=== Begin Enclosure ===
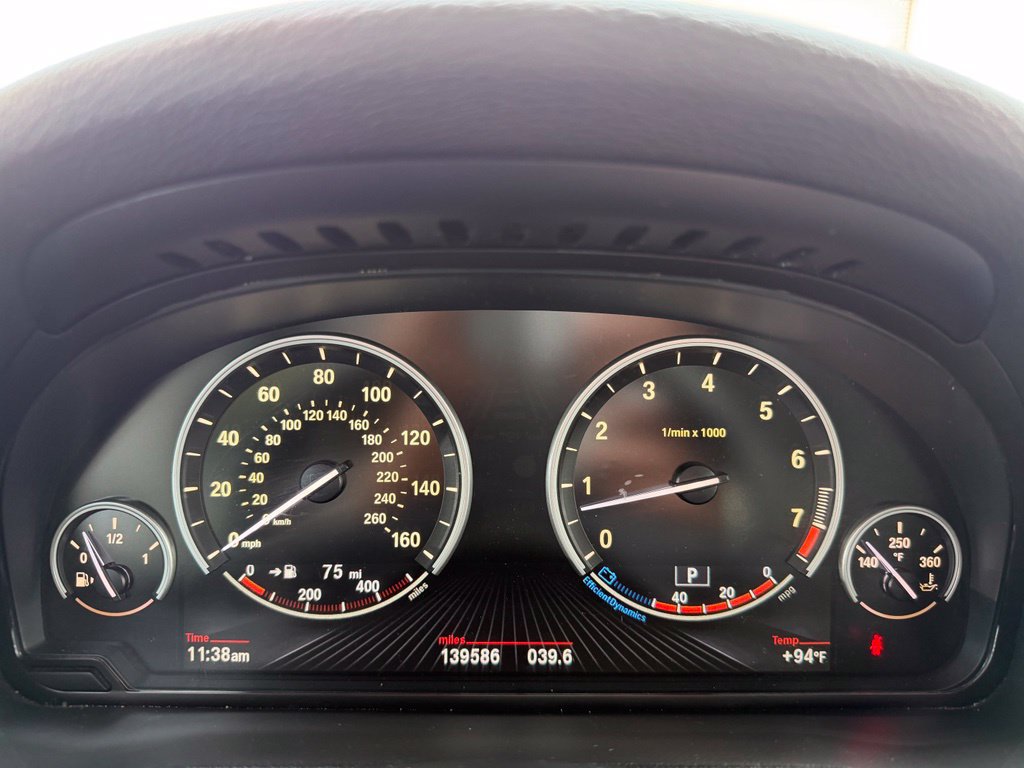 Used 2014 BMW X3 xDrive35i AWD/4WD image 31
=== End Enclosure ===
=== Begin Enclosure ===
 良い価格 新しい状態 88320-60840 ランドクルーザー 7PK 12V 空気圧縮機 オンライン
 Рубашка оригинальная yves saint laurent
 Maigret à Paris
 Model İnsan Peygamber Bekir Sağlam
=== End Enclosure ===
=== Begin Enclosure ===
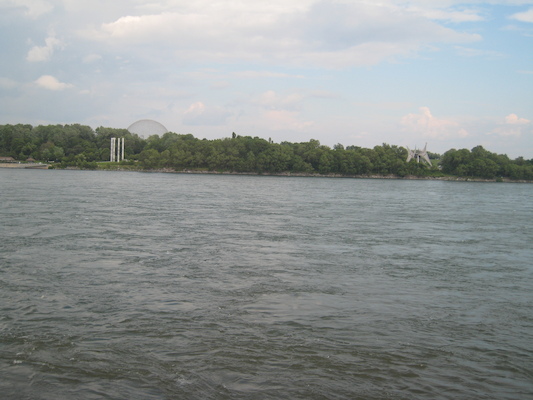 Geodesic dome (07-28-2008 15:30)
=== End Enclosure ===
▶ _What you are asked to do_
Start with the line above that contains "良い価格 新しい状態 88320-60840" and stop after the line that contains "Model İnsan Peygamber Bekir Sağlam". Output those lines exactly, and only those.

▶ _Written solution_
 良い価格 新しい状態 88320-60840 ランドクルーザー 7PK 12V 空気圧縮機 オンライン
 Рубашка оригинальная yves saint laurent
 Maigret à Paris
 Model İnsan Peygamber Bekir Sağlam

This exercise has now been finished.